ABOUT THIS EXERCISE
Retype exactly what appears below from the line containing "Paysage d'automne - petite" down to the line containing "Used 2022 Honda Accord EX-L image 42", keeping both end lines. Do not include pictures.
****************************************
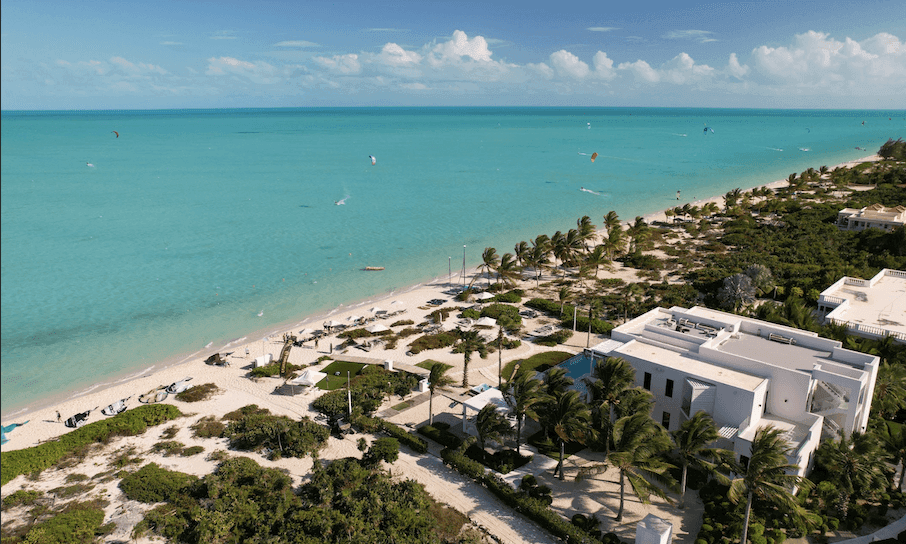 PLS Airport arrivals / immigration hall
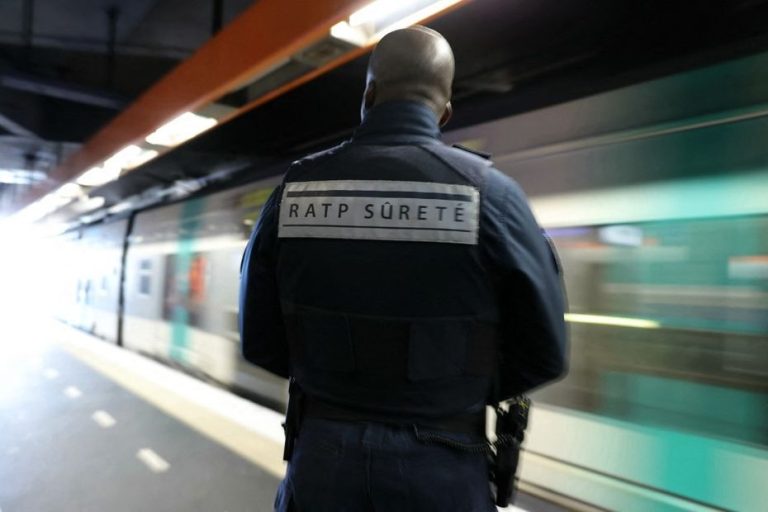SNCF et RATP expérimentent pistolet à impulsions électriques dans gares de Lyon et Paris.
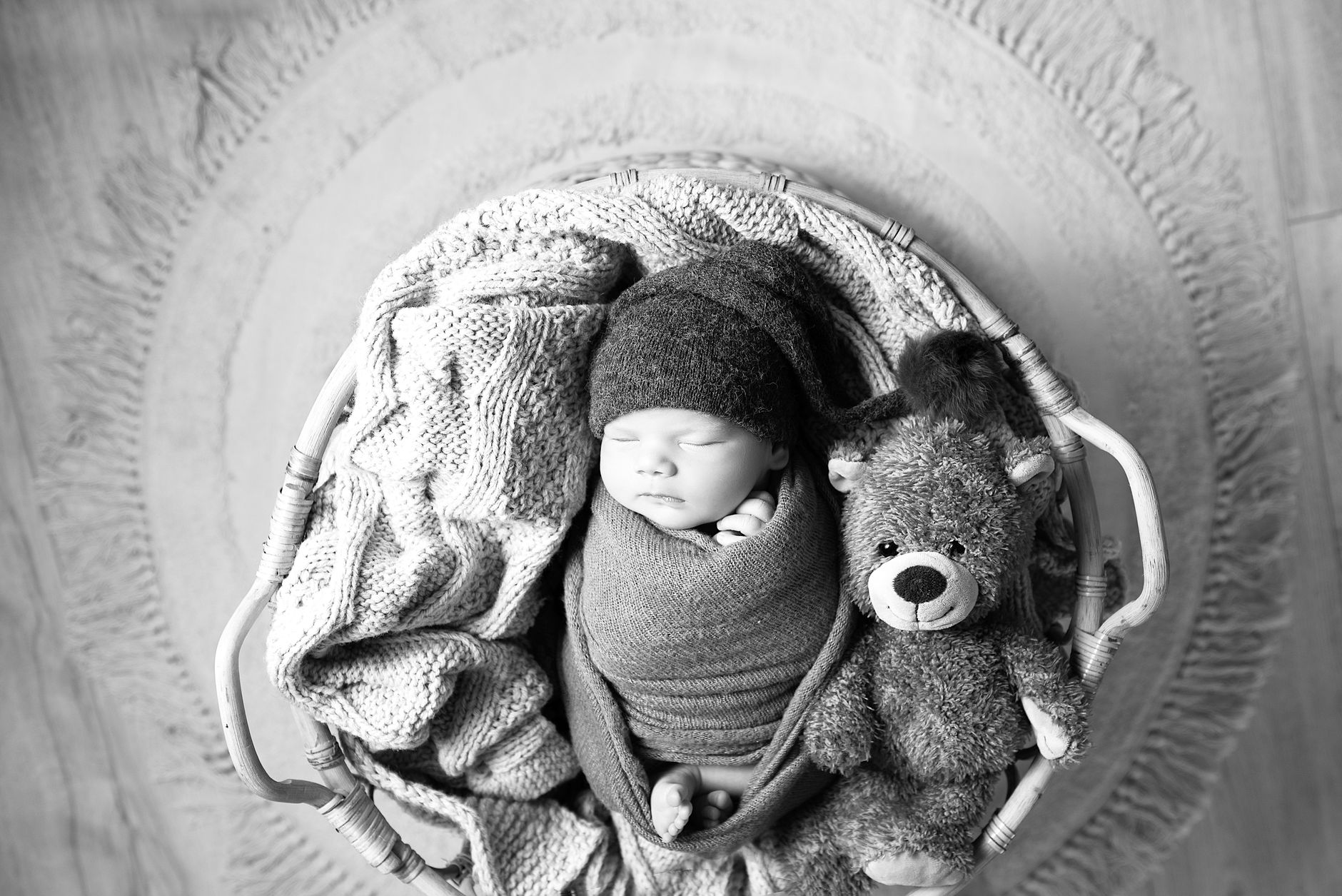 2/4/6/9/12 month milestones: Interactive checklist and tips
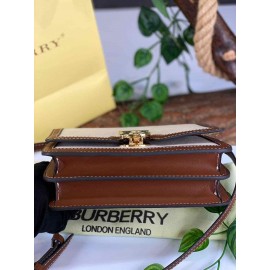 Burberry Canvas and leather pocket bag Imported product b-22-99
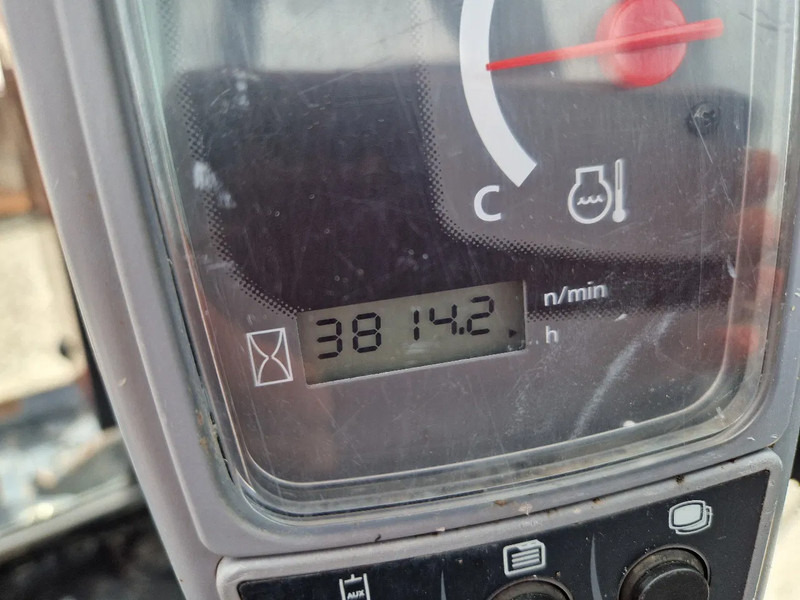 Miniexcavadora Kubota KX019-4 CW05 met 2 bakken: foto 10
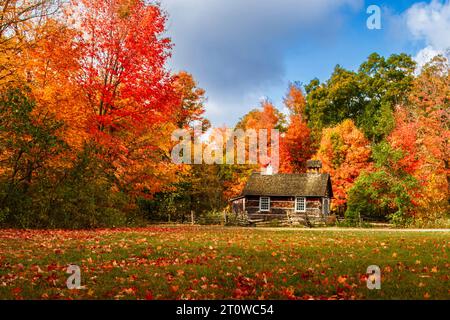 Paysage d'automne - petite maison en bois parmi les arbres d'automne colorés lumineux, automne canadien, automne au canada, concept d'automne Banque D'Images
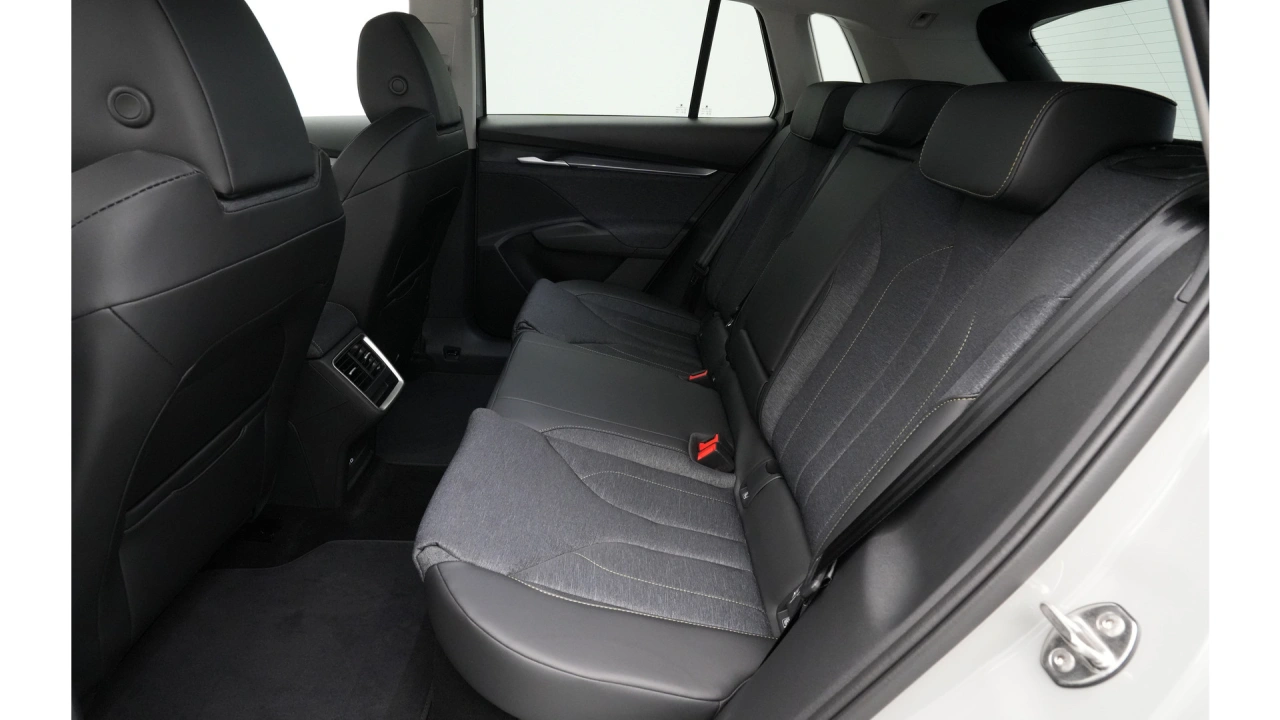 Škoda Elroq 85 Elektromotor 286 1AT Business Edition - Tour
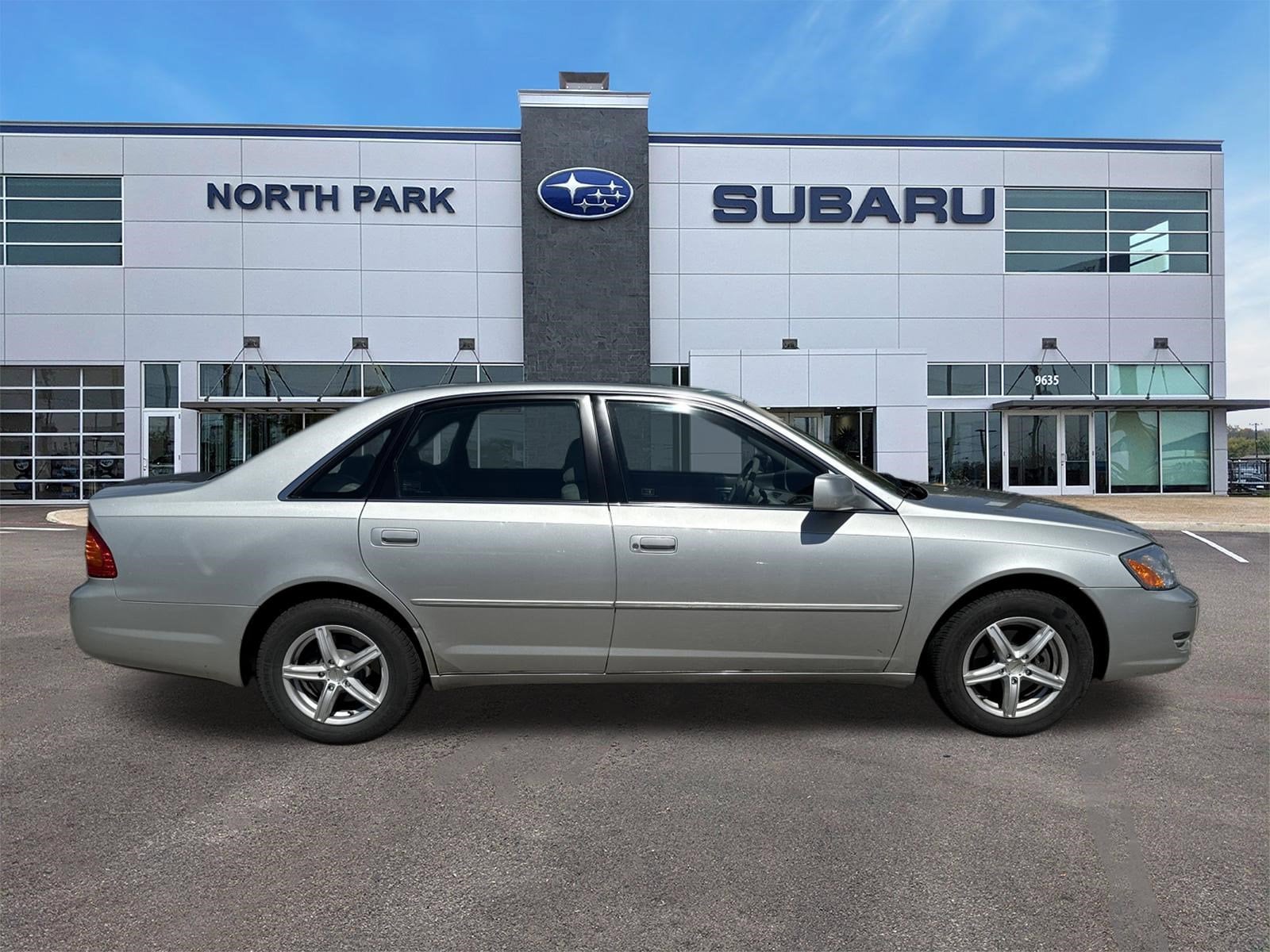 Used 2001 Toyota Avalon XL with VIN 4T1BF28B61U116463 for sale in San Antonio, TX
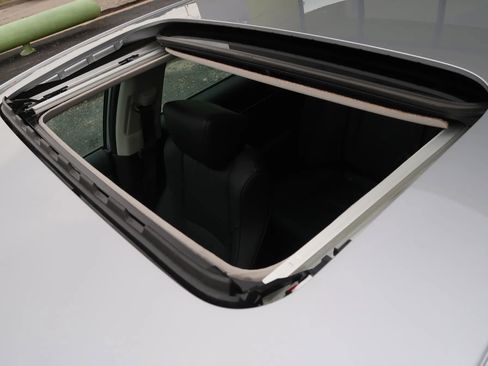 Used 2022 Honda Accord EX-L image 42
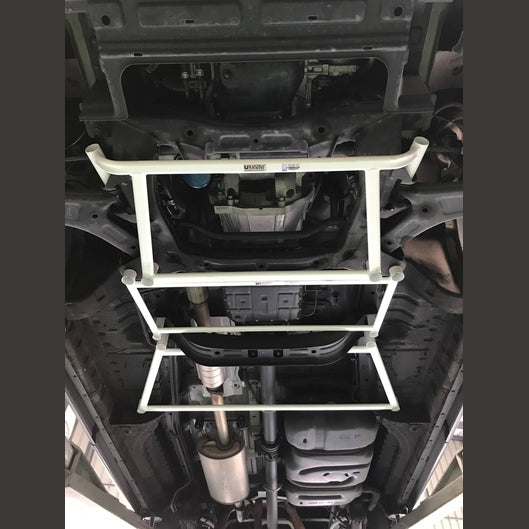  Barre anti-rapprochement 4 points Ultra Racing HYUNDAI GRAND STAREX-VAN 2ND GEN (TQ) 2.5D 2WD 2007+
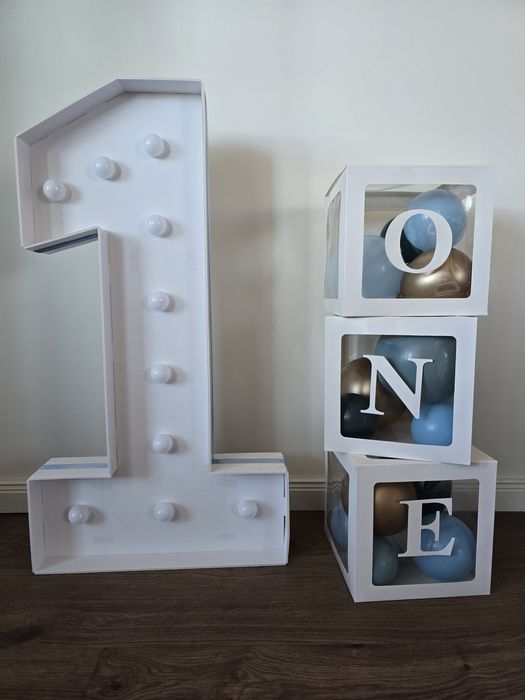 Украса за първи рожден ден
****************************************
EXERCISE ANSWER
 Paysage d'automne - petite maison en bois parmi les arbres d'automne colorés lumineux, automne canadien, automne au canada, concept d'automne Banque D'Images
 Škoda Elroq 85 Elektromotor 286 1AT Business Edition - Tour
 Used 2001 Toyota Avalon XL with VIN 4T1BF28B61U116463 for sale in San Antonio, TX
 Used 2022 Honda Accord EX-L image 42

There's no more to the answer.